If my house were to catch fire, there's plenty of fuel.

Happy May Day to all!

I unearthed a whole folder full of horrifically embarrassing song lyrics that I wrote twenty years ago. Before I turned to poetry in my college years, I would write song lyrics obsessively, and I would date everything. Ostensibly, the lyrics were for the band my best friend and I hadn't yet formed, but by the time we'd graduated high school we'd actually recorded a few of them on a little four track recorder. I have no clue where any of that recorded material is, and my musical talents at that time were so primitive that I didn't play any of the instruments or sing on the recording. So my contribution in the studio -- aka my friend's bedroom -- was as lyricist.

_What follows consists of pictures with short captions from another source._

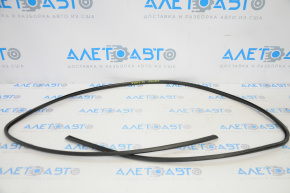Windshield Seal Nissan Versa 12-19 USA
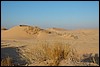 zandduienen Wadi Araba - JordaniÃ« , donderdag 27 december 2007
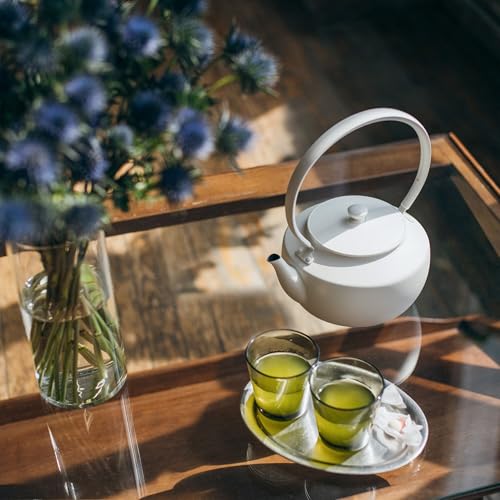 MoonKettle Electric Kettle with Temp Control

Song lyrics are of course meant to be set to music, and they sound far better with a backing beat to take some attention away from the inanity of their content or the obviousness of their rhymes. There are of course exceptions; I think The Decemberists are incredibly inventive in the construction of their lyrics...I am in love with lines like "You come from parents wanton, childhood rough and rotten/I come from wealth and beauty, untouched by work or duty," from Picaresque's "We Both Go Down Together." Still, even their lyrics don't always scan well singled out from the music:
Here on these cliffs of Dover
So high you can't see over
And while your head is spinning
Hold tight, it's just beginning

They aren't bad lyrics -- in fact, they're incredible with the music driving behind them, but standing alone they're kind of naked. The proper music behind something can transform the words from bland quatrains to overwhelming angst (see: Smashing Pumpkins).

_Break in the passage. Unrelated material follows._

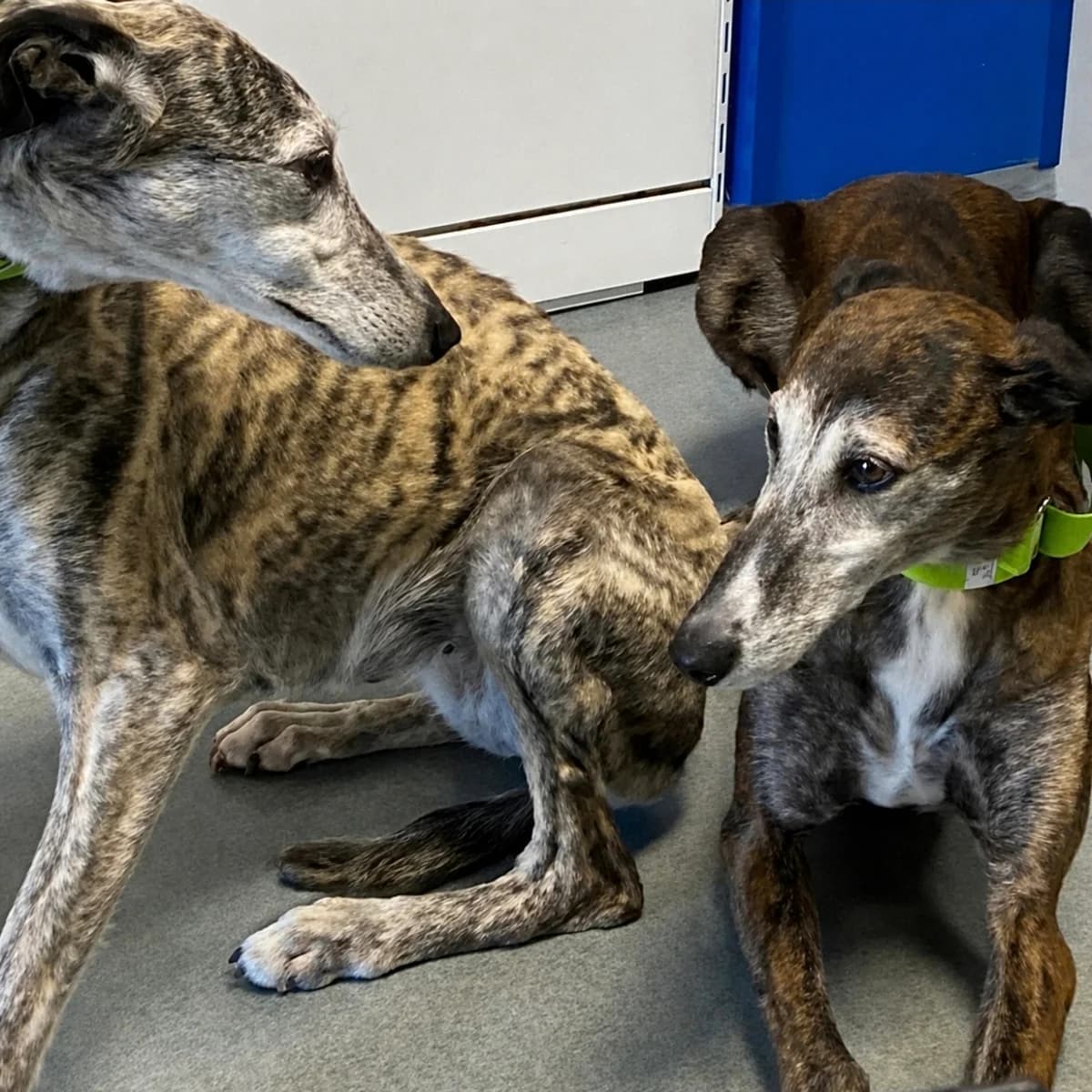 ANN y BRUMA, senior Mixed Breed for adoption at Galgos de León, León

Looking over my contributions to the field of song lyrics, I'm getting the feeling that pretty much any teenager who writes a journal/diary/poetry/lyrics can seem in retrospect like a pretty despondent and maladjusted loner. I don't exactly remember it that way, but I do think that teenagers, for better or worse, have a good bit of trouble turning off the immediacy of their emotions. It's everywhere, hence the Nirvana lyric, "Teenage angst has paid off well, now I'm old and gray." Or Bart Simpson's offhand remark, "Making a teenager depressed is like shooting fish in a barrel." So from 1-23-1986, I offer the following:
I've had too many chances
at too many dances
but the chances weren't right
I sat around all night

It's a sad thing to put your faith in the ceremony of the high school dance especially when you can't stand 85% of the music the DJ plays (and you can more or less guess the exact playlist for the entire year beforehand). I was the very definition of a wallflower. However, I do remember looking forward to going, if only because it was one of the few things to do in a small town on a weekend night.

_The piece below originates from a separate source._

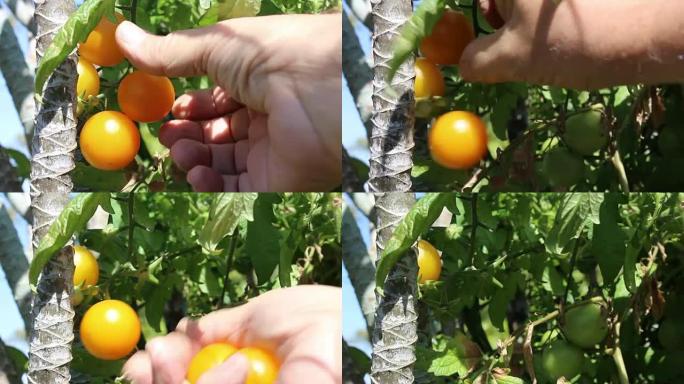 采摘成熟的传家宝橙色西红柿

I continued to write lyrics up until the early years of graduate school, at which point I ran out of spare time to sit around and play with words, and I often recorded them in a primitive way and having to sing the lyrics myself, a task I do not enjoy since my voice makes Bob Dylan, Neil Young, and Tom Waits sound like the Three Tenors (don't get me wrong: I love Bobby, Neil, and Tom). Which is to say that it remained an obsession and an outlet until replaced by other writings: the dissertation and this exercise I'm currently engaged in called blogging.

2 comments:

Reya Mellicker said...

What a beautiful post!

I have always loved U2, but when I look at the lyrics without the music, I feel embarrassed to admit that Bono is my secret celebrity love match.

Who can write stand-alone lyrics? Very few! Elvis Costello, Bob Dylan, Leonard Cohen. Of course there are others, probably many more contemporary musicians I've never heard of.

I would LOVE to hear your old recordings. I bet they're great, or at least better than you remember them.

mysterygirl! said...

I was too vain and destroyed a lot of old poems soon after I wrote them-- it's too bad, I think, because I would have liked to see them today. It's neat that you have this archive to return to. Post more!

And you're so right-- one of the reasons I hate writing lyrics is that they rarely sound good alone so I think they're all banal. I always try to write tight little poems and set them to music, but somehow it doesn't work the same way (for me, as someone with minimal guitar skills, at least).